What to work on: Would you copy the material below word for word, beginning with its first line and ending with the line that contains "В Европе дебютировал обновленный Duster"?

--------------------

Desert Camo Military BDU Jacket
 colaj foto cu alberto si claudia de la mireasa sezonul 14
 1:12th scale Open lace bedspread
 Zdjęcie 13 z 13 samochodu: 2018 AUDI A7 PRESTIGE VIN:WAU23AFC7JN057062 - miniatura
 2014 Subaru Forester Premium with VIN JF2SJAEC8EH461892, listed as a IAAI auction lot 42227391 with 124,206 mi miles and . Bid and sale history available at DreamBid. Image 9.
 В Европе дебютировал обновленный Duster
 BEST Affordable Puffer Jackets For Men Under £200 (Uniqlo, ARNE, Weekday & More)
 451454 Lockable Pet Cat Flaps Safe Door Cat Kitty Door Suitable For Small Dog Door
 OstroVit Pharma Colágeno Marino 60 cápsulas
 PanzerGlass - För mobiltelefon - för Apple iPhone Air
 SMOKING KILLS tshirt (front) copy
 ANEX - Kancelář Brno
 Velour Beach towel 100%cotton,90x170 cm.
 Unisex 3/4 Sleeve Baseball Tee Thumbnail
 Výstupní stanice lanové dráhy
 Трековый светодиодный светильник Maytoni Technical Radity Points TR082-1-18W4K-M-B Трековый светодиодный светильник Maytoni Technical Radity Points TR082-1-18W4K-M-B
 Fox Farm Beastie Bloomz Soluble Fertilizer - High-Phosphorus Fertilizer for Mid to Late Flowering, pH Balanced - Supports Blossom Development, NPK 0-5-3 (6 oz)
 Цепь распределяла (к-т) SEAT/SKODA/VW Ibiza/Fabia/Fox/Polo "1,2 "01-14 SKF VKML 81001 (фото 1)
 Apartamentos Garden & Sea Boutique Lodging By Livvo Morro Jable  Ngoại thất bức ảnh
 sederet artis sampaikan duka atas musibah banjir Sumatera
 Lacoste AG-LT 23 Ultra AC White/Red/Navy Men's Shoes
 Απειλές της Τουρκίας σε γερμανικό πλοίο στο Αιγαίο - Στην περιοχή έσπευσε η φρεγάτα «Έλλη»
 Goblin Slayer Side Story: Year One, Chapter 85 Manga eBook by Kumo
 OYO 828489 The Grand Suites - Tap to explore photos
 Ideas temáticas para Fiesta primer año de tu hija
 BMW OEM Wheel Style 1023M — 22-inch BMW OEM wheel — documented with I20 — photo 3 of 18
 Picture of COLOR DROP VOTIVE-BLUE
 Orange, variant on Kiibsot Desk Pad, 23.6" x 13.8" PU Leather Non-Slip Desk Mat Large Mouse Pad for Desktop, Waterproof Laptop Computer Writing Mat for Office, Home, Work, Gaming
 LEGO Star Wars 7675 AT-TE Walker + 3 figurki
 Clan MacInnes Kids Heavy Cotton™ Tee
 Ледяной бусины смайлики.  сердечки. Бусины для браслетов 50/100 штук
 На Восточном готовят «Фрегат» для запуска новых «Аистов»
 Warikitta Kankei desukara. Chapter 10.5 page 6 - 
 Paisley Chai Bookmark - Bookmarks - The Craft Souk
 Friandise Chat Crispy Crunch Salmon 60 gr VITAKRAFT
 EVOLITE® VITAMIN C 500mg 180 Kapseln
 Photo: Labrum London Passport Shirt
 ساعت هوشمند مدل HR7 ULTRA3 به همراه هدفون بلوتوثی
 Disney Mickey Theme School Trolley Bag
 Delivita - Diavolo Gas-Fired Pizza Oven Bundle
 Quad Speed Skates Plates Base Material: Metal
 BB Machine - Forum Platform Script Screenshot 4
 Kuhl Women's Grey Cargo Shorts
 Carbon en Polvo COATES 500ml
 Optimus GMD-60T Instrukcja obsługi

--------------------

Worked solution:
Desert Camo Military BDU Jacket
 colaj foto cu alberto si claudia de la mireasa sezonul 14
 1:12th scale Open lace bedspread
 Zdjęcie 13 z 13 samochodu: 2018 AUDI A7 PRESTIGE VIN:WAU23AFC7JN057062 - miniatura
 2014 Subaru Forester Premium with VIN JF2SJAEC8EH461892, listed as a IAAI auction lot 42227391 with 124,206 mi miles and . Bid and sale history available at DreamBid. Image 9.
 В Европе дебютировал обновленный Duster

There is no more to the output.